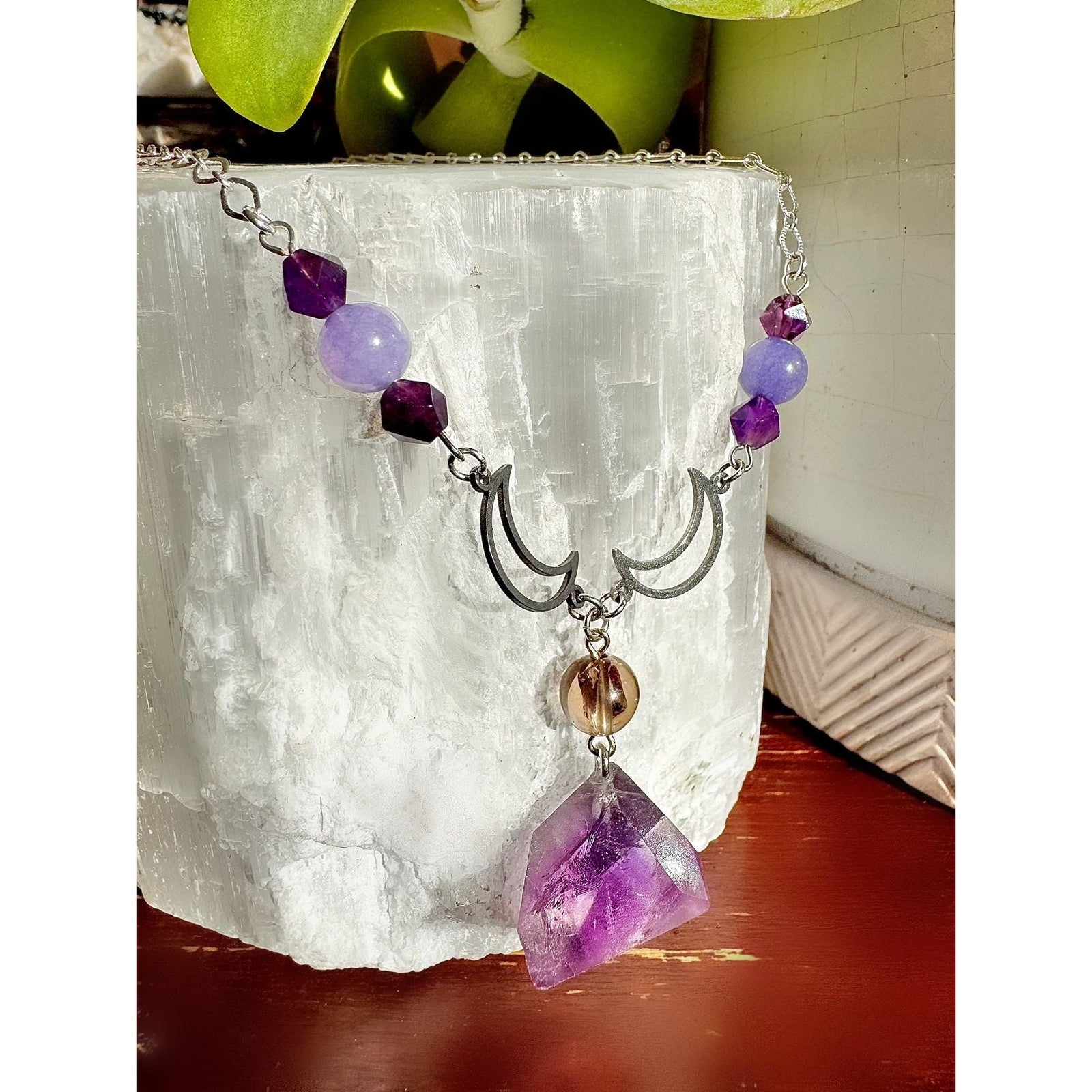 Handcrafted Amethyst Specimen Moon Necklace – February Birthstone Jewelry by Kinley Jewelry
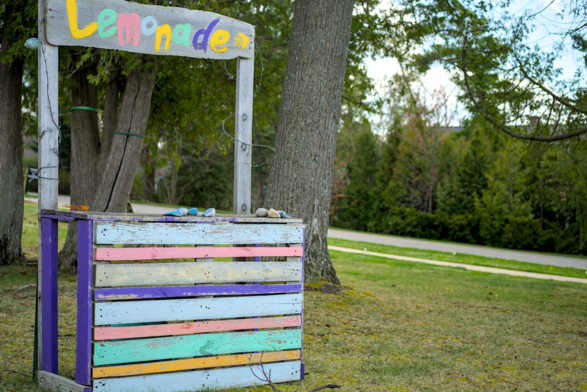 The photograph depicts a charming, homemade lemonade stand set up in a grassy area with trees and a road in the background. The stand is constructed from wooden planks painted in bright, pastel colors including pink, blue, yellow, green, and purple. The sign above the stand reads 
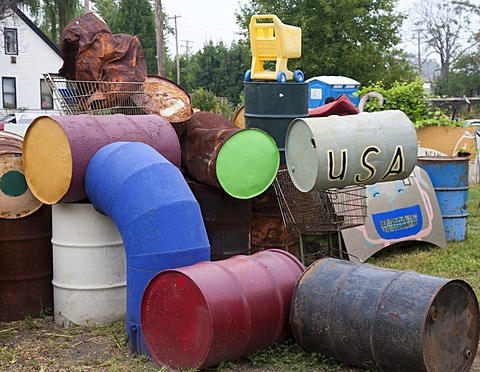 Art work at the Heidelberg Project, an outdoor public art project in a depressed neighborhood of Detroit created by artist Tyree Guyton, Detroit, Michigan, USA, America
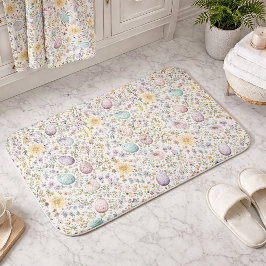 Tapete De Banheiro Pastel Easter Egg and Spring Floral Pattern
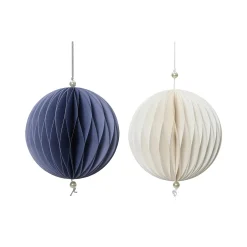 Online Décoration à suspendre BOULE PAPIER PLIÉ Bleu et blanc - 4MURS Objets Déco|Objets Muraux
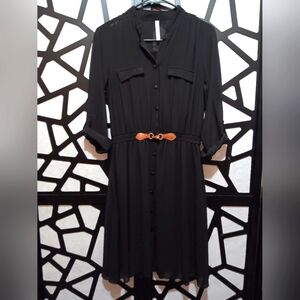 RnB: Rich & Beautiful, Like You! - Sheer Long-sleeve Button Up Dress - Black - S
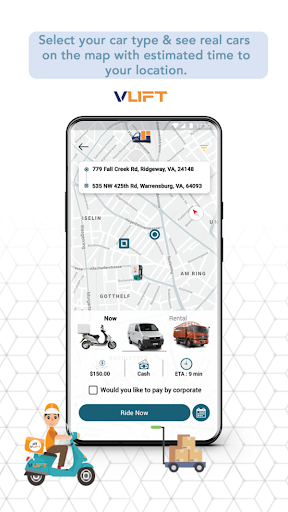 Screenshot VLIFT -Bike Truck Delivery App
....................
** ACTION ITEM **
Write out exactly the lines between the start of the data and the line with "RnB: Rich &", including both, but none of the pictures.

** ANSWER BOX **
 Handcrafted Amethyst Specimen Moon Necklace – February Birthstone Jewelry by Kinley Jewelry
 The photograph depicts a charming, homemade lemonade stand set up in a grassy area with trees and a road in the background. The stand is constructed from wooden planks painted in bright, pastel colors including pink, blue, yellow, green, and purple. The sign above the stand reads 
 Art work at the Heidelberg Project, an outdoor public art project in a depressed neighborhood of Detroit created by artist Tyree Guyton, Detroit, Michigan, USA, America
 Tapete De Banheiro Pastel Easter Egg and Spring Floral Pattern
 Online Décoration à suspendre BOULE PAPIER PLIÉ Bleu et blanc - 4MURS Objets Déco|Objets Muraux
 RnB: Rich & Beautiful, Like You! - Sheer Long-sleeve Button Up Dress - Black - S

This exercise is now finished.